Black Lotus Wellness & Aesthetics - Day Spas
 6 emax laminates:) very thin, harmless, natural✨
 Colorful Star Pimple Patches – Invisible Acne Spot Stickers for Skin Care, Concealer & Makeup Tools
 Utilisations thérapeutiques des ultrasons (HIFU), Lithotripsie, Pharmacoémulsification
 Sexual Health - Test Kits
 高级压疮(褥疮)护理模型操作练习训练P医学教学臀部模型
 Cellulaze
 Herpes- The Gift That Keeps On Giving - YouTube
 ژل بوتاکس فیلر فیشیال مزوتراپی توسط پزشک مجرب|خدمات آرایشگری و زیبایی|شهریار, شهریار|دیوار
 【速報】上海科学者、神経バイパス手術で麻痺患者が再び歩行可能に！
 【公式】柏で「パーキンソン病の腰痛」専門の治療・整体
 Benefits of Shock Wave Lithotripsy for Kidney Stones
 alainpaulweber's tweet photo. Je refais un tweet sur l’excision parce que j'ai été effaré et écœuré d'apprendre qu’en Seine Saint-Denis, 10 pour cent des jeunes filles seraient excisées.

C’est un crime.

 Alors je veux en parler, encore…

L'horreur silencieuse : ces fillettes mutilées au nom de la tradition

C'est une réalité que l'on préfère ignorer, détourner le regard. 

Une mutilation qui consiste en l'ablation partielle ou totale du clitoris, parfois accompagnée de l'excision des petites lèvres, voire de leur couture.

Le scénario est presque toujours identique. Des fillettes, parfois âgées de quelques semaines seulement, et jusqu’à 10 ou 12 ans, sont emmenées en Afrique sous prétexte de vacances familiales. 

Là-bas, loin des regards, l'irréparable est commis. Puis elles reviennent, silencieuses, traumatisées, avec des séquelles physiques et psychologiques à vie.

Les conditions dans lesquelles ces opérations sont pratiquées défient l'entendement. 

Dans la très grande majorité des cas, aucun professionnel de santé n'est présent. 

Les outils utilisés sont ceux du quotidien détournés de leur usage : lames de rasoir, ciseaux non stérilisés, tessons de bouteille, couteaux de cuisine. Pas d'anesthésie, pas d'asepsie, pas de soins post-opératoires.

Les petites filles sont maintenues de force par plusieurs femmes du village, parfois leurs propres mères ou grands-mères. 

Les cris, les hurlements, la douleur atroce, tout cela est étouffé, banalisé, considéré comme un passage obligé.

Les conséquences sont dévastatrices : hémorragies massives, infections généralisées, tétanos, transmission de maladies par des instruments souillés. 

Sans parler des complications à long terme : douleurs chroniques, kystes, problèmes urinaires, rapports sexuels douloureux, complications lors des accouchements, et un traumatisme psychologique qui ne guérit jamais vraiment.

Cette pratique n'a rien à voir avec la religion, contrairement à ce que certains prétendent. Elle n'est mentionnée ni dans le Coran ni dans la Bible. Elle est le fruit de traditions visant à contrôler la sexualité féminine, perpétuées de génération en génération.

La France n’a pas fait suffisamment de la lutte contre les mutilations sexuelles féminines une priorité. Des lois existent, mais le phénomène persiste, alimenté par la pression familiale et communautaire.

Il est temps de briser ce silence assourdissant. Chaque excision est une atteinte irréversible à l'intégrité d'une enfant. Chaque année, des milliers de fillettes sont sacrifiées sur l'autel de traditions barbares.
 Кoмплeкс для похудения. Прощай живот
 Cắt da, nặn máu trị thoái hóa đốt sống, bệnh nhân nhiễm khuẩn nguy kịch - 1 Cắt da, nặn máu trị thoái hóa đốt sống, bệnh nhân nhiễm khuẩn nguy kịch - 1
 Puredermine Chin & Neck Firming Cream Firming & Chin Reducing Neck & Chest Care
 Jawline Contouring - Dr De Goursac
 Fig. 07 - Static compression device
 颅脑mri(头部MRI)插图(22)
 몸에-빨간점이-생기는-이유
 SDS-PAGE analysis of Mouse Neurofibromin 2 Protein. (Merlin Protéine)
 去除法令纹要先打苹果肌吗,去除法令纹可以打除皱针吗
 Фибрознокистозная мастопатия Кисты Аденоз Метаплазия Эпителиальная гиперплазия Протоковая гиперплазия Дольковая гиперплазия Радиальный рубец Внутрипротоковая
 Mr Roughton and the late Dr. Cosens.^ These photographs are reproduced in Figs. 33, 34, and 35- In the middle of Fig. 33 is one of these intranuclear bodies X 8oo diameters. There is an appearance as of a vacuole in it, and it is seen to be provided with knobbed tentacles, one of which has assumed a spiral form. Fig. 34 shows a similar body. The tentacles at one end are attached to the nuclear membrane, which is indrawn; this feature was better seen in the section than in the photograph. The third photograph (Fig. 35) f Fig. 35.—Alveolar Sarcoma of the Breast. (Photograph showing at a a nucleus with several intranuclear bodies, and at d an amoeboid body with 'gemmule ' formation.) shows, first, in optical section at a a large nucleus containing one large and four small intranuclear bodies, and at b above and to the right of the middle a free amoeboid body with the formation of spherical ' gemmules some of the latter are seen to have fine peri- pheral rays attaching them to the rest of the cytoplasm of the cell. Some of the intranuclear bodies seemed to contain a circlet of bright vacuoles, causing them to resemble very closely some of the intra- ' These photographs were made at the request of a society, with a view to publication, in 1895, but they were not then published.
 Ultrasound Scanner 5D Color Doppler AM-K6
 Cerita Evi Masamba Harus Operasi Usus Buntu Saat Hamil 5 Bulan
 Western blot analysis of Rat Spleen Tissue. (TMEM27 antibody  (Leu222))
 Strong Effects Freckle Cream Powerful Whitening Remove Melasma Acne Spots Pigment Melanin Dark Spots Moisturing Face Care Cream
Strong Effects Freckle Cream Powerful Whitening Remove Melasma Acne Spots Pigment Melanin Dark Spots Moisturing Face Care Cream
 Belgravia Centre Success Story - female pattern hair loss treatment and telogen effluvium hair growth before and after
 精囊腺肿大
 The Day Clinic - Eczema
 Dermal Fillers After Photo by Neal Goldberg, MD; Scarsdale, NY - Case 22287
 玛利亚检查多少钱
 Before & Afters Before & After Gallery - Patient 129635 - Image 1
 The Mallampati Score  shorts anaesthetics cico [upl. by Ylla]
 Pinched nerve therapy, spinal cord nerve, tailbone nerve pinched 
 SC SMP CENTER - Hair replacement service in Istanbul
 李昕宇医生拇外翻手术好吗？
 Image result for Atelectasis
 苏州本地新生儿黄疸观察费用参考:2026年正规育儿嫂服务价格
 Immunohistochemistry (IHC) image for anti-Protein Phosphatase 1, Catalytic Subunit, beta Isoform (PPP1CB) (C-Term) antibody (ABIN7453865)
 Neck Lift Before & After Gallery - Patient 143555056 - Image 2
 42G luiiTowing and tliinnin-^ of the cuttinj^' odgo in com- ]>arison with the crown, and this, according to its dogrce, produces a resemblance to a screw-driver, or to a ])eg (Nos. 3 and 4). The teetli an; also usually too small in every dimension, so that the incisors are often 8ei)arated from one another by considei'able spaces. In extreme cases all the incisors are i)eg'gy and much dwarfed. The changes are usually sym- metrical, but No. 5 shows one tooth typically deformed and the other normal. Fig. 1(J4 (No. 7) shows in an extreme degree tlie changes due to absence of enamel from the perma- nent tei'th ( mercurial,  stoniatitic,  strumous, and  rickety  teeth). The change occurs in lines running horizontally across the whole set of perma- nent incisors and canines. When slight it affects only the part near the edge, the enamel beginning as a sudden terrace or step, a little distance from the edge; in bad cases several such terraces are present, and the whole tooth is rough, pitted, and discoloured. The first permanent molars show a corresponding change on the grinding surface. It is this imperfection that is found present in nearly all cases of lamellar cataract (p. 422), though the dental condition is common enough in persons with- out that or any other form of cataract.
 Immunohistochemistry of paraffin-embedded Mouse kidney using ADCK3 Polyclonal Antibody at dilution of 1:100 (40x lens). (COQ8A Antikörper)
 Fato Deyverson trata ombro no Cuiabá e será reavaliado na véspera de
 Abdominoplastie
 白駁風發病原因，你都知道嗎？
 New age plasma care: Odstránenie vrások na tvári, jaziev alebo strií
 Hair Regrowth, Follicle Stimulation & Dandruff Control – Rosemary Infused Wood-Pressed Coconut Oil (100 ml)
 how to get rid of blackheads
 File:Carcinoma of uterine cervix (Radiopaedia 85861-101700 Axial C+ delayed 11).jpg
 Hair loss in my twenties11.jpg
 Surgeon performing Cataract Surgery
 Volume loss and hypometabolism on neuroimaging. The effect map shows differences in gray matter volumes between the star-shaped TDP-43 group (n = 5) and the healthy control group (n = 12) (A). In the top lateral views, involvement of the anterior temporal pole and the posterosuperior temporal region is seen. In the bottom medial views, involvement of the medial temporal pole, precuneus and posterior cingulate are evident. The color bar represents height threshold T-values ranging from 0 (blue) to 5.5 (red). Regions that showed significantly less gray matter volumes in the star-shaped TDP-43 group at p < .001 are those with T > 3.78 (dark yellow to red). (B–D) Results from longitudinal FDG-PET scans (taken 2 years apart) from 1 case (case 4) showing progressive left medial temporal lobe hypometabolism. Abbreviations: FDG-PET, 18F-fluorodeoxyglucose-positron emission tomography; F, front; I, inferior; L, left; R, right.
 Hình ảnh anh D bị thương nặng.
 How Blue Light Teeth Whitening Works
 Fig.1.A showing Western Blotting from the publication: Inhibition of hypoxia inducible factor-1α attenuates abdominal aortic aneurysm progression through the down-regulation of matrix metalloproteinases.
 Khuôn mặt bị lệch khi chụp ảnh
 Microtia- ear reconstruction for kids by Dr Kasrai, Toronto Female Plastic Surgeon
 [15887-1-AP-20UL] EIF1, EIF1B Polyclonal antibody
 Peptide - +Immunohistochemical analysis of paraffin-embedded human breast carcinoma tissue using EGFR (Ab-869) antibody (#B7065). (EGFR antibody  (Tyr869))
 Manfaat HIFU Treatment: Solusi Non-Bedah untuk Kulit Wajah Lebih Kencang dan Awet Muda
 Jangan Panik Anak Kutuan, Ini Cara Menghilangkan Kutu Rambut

Work item – Using the data above, print exactly the lines from the line that contains "New age plasma" through the line that contains "Khuôn mặt bị lệch khi chụp ảnh", with both included.

Response –
 New age plasma care: Odstránenie vrások na tvári, jaziev alebo strií
 Hair Regrowth, Follicle Stimulation & Dandruff Control – Rosemary Infused Wood-Pressed Coconut Oil (100 ml)
 how to get rid of blackheads
 File:Carcinoma of uterine cervix (Radiopaedia 85861-101700 Axial C+ delayed 11).jpg
 Hair loss in my twenties11.jpg
 Surgeon performing Cataract Surgery
 Volume loss and hypometabolism on neuroimaging. The effect map shows differences in gray matter volumes between the star-shaped TDP-43 group (n = 5) and the healthy control group (n = 12) (A). In the top lateral views, involvement of the anterior temporal pole and the posterosuperior temporal region is seen. In the bottom medial views, involvement of the medial temporal pole, precuneus and posterior cingulate are evident. The color bar represents height threshold T-values ranging from 0 (blue) to 5.5 (red). Regions that showed significantly less gray matter volumes in the star-shaped TDP-43 group at p < .001 are those with T > 3.78 (dark yellow to red). (B–D) Results from longitudinal FDG-PET scans (taken 2 years apart) from 1 case (case 4) showing progressive left medial temporal lobe hypometabolism. Abbreviations: FDG-PET, 18F-fluorodeoxyglucose-positron emission tomography; F, front; I, inferior; L, left; R, right.
 Hình ảnh anh D bị thương nặng.
 How Blue Light Teeth Whitening Works
 Fig.1.A showing Western Blotting from the publication: Inhibition of hypoxia inducible factor-1α attenuates abdominal aortic aneurysm progression through the down-regulation of matrix metalloproteinases.
 Khuôn mặt bị lệch khi chụp ảnh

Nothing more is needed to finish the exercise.